Creation Science

A woman constructs her own double in this antic, cyberpunk meditation on identity.

The lead character in Rolin Jones’ comic play The Intelligent Design of Jenny Chow is a brash, brilliant, foul-mouthed, twentysomething agoraphobic adoptee who longs to connect authentically and meaningfully with her Chinese birth parents. Wired to the technological universe by her hyperactive genius, Jennifer Marcus—played with wild high energy by the charismatic Kimber Lee— decides to create her own double, a quick-learning, flying robot that will venture out in her stead. Directed by Carol Roscoe, the play is a flight of allegorical fancy, a hip and fast-paced meditation on the pitfalls of constructing an identity that will connect with the gritty, unpredictable world. It’s exhilarating to watch an obviously talented young playwright tackle such hefty themes, but the setup proves a bit too ambitious for the scope of the play, which can’t quite resolve the bundle of contradictions it unleashes; its wings get singed.

Jones’ language is high-octane, a combination of cyberspeak and cool punk, and much of the play’s pleasure derives from Lee’s facile patter as she bounces around her room, hatching her plans. As the eponymous robot of intelligent design, Kelly Mak proves a fantastic physical actor; her movements whir and click with an eerily mechanical precision. And Trick Danneker is also good as Jennifer’s pizza-delivering friend, Todd, a stoner with a heart of gold.

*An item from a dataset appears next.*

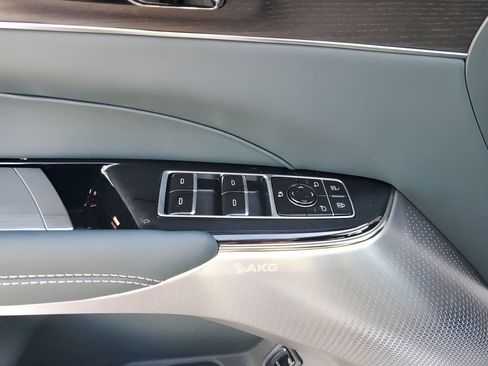 New 2026 Cadillac Lyriq Signature Luxury image 28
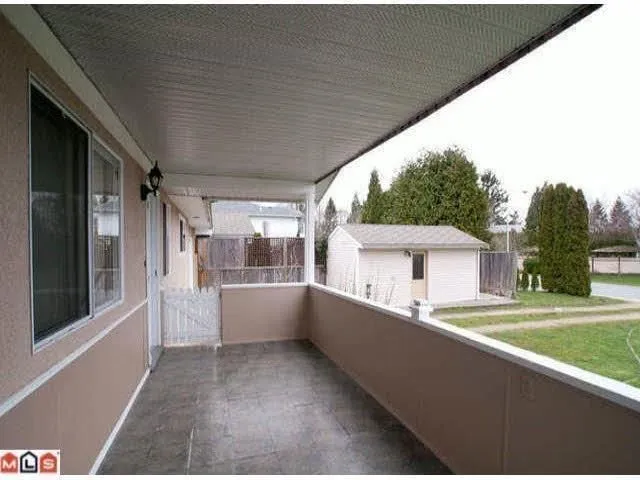 1955 158A STREET, Surrey 4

The play’s main problem is that so many questions and issues are posed in the first half that the second act is rushed and incomplete. Jones seems at such pains to wrap everything up that the concluding scenes feel like a pileup. The script, so loaded with ideological potential, seems capable of accommodating an infinite range of interpretations, with no limit to the darkness it could absorb. However, Roscoe keeps things fairly light, perhaps in an attempt to smooth over the unevenness. It’s a good decision. By emphasizing the play’s comic elements, the messy ending is antic rather than pretentious, and a crash landing is averted.